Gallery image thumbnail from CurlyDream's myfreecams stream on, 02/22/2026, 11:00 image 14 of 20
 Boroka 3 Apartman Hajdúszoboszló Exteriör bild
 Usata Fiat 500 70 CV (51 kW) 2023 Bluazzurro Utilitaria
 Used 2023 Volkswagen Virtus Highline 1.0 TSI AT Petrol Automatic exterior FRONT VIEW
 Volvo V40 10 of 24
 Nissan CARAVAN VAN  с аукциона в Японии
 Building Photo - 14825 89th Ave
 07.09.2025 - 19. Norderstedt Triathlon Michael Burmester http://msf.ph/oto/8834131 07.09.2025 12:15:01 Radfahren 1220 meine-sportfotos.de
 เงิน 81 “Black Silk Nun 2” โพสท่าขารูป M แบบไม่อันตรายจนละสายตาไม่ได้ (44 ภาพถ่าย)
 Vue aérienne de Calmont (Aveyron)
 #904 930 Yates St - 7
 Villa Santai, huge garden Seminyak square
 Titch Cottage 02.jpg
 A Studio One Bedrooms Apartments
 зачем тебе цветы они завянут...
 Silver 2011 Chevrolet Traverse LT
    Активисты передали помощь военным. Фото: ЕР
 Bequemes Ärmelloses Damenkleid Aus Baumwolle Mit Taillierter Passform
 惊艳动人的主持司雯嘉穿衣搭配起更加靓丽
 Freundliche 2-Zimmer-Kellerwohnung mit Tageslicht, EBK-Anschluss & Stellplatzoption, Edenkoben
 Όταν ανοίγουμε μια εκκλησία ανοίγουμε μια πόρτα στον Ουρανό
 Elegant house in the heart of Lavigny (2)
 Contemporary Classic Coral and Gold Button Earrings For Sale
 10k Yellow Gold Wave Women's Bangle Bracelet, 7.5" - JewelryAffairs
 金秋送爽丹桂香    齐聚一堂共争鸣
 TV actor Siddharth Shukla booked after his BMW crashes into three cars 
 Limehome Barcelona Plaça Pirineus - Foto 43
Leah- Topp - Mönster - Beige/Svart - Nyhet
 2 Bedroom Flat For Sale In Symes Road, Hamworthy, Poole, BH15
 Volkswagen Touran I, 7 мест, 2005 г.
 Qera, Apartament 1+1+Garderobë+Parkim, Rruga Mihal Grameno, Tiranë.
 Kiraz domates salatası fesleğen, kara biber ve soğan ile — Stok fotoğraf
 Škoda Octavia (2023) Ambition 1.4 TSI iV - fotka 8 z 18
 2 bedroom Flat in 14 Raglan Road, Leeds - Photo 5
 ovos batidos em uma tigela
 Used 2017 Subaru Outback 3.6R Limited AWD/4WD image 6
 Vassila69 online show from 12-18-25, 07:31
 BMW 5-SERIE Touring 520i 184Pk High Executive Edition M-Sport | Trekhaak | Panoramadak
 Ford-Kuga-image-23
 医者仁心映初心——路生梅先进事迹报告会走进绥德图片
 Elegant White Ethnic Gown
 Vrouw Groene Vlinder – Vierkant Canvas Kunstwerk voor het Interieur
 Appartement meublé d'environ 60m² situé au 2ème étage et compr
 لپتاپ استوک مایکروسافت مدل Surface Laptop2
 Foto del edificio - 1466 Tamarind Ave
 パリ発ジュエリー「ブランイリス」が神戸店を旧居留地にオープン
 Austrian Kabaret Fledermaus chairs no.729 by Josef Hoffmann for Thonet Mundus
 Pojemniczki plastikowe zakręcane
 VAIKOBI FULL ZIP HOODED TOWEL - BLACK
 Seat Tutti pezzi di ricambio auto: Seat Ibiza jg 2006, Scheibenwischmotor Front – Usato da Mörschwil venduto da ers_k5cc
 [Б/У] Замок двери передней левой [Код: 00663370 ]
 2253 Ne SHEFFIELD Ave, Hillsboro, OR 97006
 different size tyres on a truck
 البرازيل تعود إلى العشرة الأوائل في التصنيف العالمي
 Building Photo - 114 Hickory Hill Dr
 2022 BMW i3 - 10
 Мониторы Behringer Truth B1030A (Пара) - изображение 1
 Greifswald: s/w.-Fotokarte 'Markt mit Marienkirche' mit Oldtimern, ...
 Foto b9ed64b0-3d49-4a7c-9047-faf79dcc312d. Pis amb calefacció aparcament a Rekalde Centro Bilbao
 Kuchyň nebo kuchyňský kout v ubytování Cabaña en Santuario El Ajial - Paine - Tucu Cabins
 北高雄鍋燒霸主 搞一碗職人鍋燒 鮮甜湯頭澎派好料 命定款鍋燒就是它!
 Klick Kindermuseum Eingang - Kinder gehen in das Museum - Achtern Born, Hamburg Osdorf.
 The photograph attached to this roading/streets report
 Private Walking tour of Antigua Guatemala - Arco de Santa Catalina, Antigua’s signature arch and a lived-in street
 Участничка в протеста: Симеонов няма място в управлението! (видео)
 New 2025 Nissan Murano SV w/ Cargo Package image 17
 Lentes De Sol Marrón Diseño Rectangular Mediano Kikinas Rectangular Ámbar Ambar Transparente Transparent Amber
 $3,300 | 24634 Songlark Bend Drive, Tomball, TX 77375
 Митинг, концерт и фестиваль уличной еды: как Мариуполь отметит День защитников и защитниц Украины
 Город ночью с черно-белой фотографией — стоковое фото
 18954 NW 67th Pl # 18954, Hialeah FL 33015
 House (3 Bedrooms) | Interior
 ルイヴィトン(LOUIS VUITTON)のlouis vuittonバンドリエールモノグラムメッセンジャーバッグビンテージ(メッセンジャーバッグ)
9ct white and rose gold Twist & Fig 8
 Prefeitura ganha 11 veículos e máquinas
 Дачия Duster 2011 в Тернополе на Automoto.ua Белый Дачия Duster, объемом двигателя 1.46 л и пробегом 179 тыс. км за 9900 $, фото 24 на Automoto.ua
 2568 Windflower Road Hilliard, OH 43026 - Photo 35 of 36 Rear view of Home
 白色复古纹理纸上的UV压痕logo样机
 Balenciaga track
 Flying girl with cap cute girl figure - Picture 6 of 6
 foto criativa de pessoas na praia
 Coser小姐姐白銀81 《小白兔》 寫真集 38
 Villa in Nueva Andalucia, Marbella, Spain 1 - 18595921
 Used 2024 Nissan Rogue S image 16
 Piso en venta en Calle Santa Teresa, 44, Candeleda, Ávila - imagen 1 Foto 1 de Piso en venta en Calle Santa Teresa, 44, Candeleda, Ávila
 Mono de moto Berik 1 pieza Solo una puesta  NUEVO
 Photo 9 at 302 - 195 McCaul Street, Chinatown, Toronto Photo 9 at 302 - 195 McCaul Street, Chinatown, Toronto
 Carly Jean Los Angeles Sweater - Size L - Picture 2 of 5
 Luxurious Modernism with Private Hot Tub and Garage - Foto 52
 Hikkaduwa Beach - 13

(PROBLEM TO WORK ON)
Extract every line from the one containing "Carly Jean Los" to the end of the entries, including both of those lines, exactly as given and with nothing added.

(ANSWER TO THIS PROBLEM)
 Carly Jean Los Angeles Sweater - Size L - Picture 2 of 5
 Luxurious Modernism with Private Hot Tub and Garage - Foto 52
 Hikkaduwa Beach - 13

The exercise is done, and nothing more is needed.